The ElasticStore provides a framework to replicate Semantic MediaWiki related data to an Elasticsearch cluster and enable its QueryEngine to send #ask requests and retrieve information from Elasticsearch (aka ES) instead of the default SQLStore.

The objective is to provide an interface to Elasticsearch to:

  • improve structured (and allow unstructured) content searches
  • extend and improve full-text query support (including sorting of results by relevancy)
  • provide means for a scalability strategy by relying on the ES infrastructure

Requirements

  • Elasticsearch: Recommended 6.1+, Tested with 5.6.6
  • Semantic MediaWiki: 3.0+
  • elasticsearch/elasticsearch (PHP ^7.0 ~6.0 or PHP ^5.6.6 ~5.3)

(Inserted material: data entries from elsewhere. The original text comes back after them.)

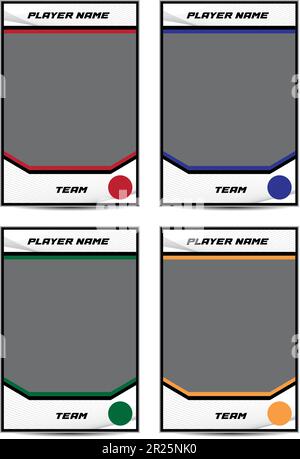 Sport player trading card frame border template design set Stock Vector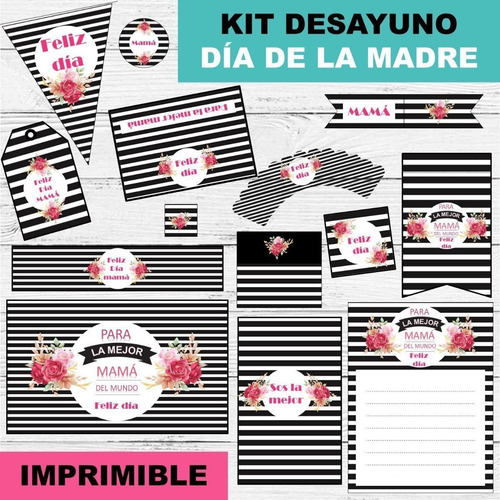 Kit Imprimible Desayuno Día De La Madre Editable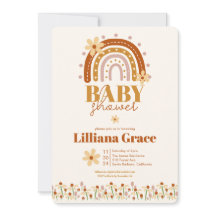 Invitación de Baby Shower Retro Boho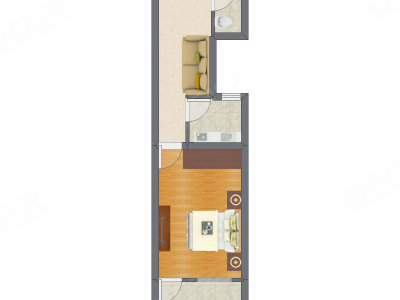 1室1厅 41.32平米户型图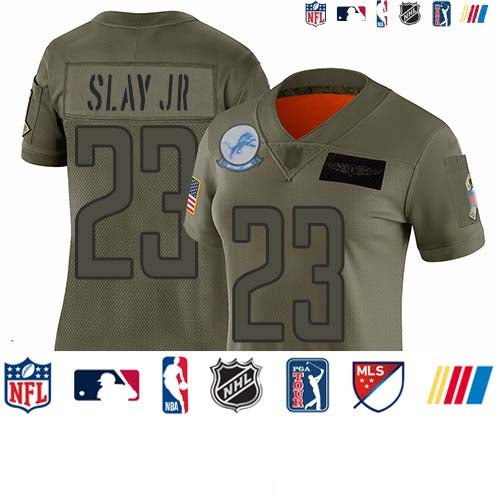 Custom Lions #23 Darius Slay Jr Camo Women’s Stitched Football Limited 2019 Salute to Service Jersey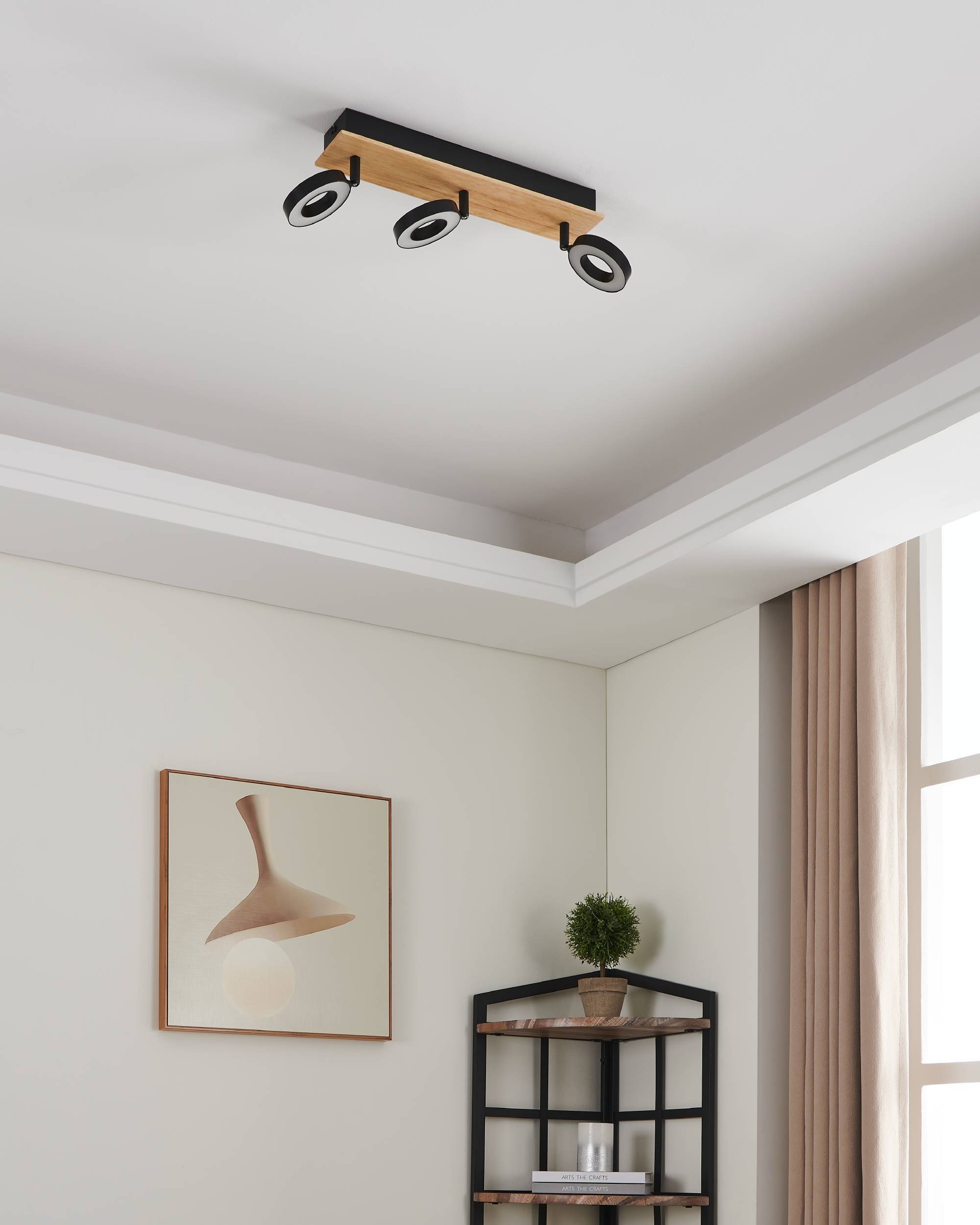 EGLO Deckenleuchte »Rielves Deckenlampe, Holz und Metall, Spotbalken schwenkbar, Lampe« LED-Modul 1 Stk. Warmweiß Spot - L40 x B7 x H17,5 cm - braun, schwarz - 3X4,2W inkl.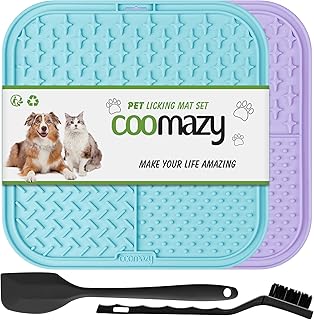 Coomazy Leckmatte Hund, 2 Stück Schleckmatte Hund mit Silikonspatel und Bürste Slow Feeder Hunde Leckmatte für Baden, Fellpflege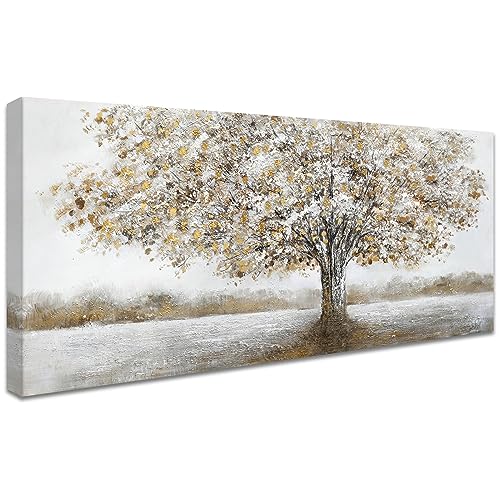 Wooden Framed Large Canvas Wall Art Tree of Life Painting on Canvas Prints Poster Abstract White Gold Brown Wall Pictures for Living Room Bedroom Dinning Room Restaurant Wall Decoration 50x120cm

We rely on the elasticsearch php-api to communicate with Elasticsearch and are therefore independent from any other vendor or MediaWiki extension that may use ES as search backend (e.g. CirrusSearch).

It is recommended to use:

  • ES 6+ due to improvements to its sparse field handling
  • ES hardware with "... machine with 64 GB of RAM is the ideal sweet spot, but 32 GB and 16 GB machines are also common ..." as noted in the elasticsearch guide

Features

  • Handle property type changes without the need to rebuild the entire index itself after it is ensured that all ChangePropagation jobs have been processed
  • Inverse queries are supported (e.g. [[-Foo::Bar]])
  • Property chains and paths queries are supported (e.g. [[Foo.Bar::Foobar]])
  • Category and property hierarchies are supported

ES is not expected to be used as solely data store replacement and therefore it is not assumed that ES returns all _source fields for a request.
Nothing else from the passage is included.